Мы шли в сторону Большого прохладными безлюдными переулками. Их названия – Биржевой, Волховской, Тучков, Двинский – звучали деловито, с щеголеватой подобранностью хорошей канцелярии или казармы, а сами они, короткие, узкие, уютно сумрачные, осенённые огромными липами, заросшие клевером, глядели воплощением ленивого, анархического покоя, и в них, непарадных, красивых только для тех, кто здесь жил, кто всю жизнь ходил по их уцелевшей брусчатке одной и той же дорогой, вступили в тайный сговор камень и трава, камень и деревья и тот, разбросанными пятнами, свет, который пробивался сквозь листву, натыкался на фасады и от напряжения, от всех усилий стал вдвое гуще, вдвое ярче.
– А чего он, по-вашему, хочет?
– Только блага, – раздражённо сказал Аристид Иванович, – только блага. Всех и всё уничтожит.
– Но тут нечего уничтожать.
– Ну-ка, протяните руку. Что вы чувствуете?
– Э… – сказал я. – Ну, воздух.
– Это не воздух, любезный! Не воздух! Это воздух культуры.
– А! – сказал я.
Уже возвращаясь к себе, я остановился на Благовещенском мосту, хорошенько перегнулся и бросил в холодную ночную воду оберег автовского разноглазого.

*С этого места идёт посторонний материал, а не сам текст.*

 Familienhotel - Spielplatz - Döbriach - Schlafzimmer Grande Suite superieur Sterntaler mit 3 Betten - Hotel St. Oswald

Тайные тропы проложены сквозь жизнь, и тот, кто ими ходит, так привыкает, что начинает видеть в больших дорогах угрозу. Дескать, на большой дороге засады разбойников, и заставы государства, и народ прёт на водопой всем стадом в облаке пыли: сам поднимает, сам же вынужден глотать. Школа, работа, брак, общественная деятельность, привычные формы досуга, взгляни на них такими испуганными глазами, предстанут убитой землёй, спёкшейся коркой, которую не поднять ни мысли, ни чувству.

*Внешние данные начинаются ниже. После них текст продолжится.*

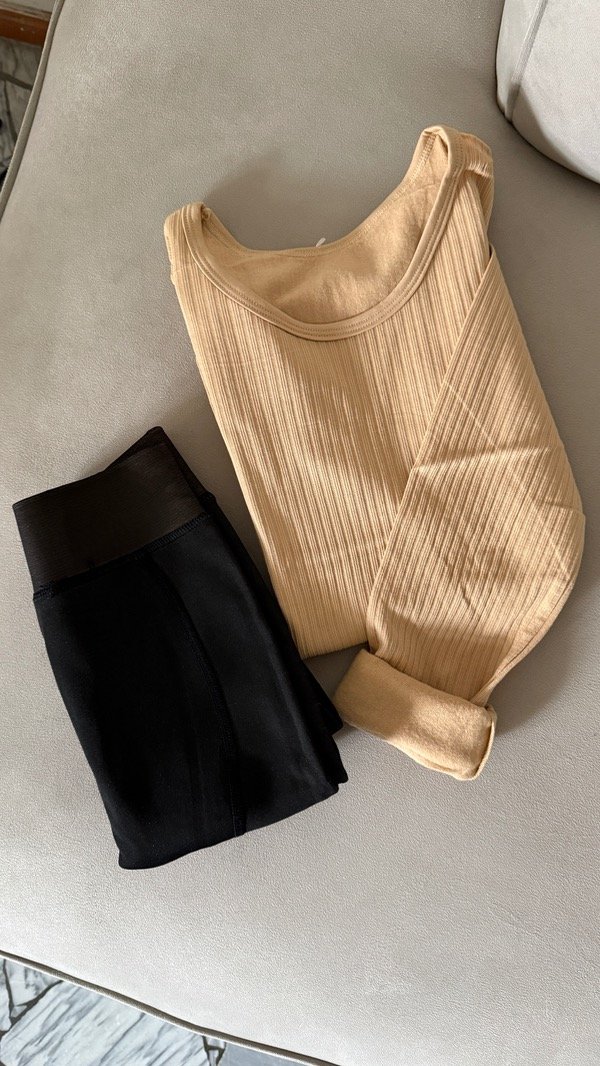 Producto - Camiseta térmica + medias térmicas efecto piel clásicas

Созданию впечатления много помогают ханжеские либо неумелые нападки обрядопослушных в адрес отступников. Что ли спроста ведут себя не как люди? Будто и не припасено в звериной пуще, чащобе какой нелюдской мерзости? Зачем, вообще говоря, если уж так свербит делать по-своему, делать это, давая повод пересудам, обижая родных, смеясь доброжелателям, и почему не быть «не как все» в хорошем каком-нибудь смысле?
Анархисты не шли на уступки миру, а мир – тем более, и за всем этим надёжно забылось, что тропа и дорога могут вести в одном направлении. И когда, под покровом беззакония и тайны, Поганкин явился к Фиговидцу с вопросом, на чьей тот стороне, Фиговидец, любому другому ответивший бы: на своей собственной и ни на чьей больше, – сломался. Столбовые дороги слишком укатали его самого. Он слишком хорошо знал, что чувствуешь, куда-то туда втоптанный марширующими ногами, – и ни один не нагнётся спросить, что здесь такое. Рот его был полон той горечи, которая остаётся после по-особому тяжёлых событий и меняет взгляд на жизнь, в самых трагичных вещах заставляя видеть своеобразную – и дурного тона, дурного – шутку.
– Злобай тогда дурную подцепил, не до гостей было, – сказал Поганкин, который никогда не был совестлив на чужие тайны и полагал, что фарисей должен сердиться из-за оказанного на Охте приема.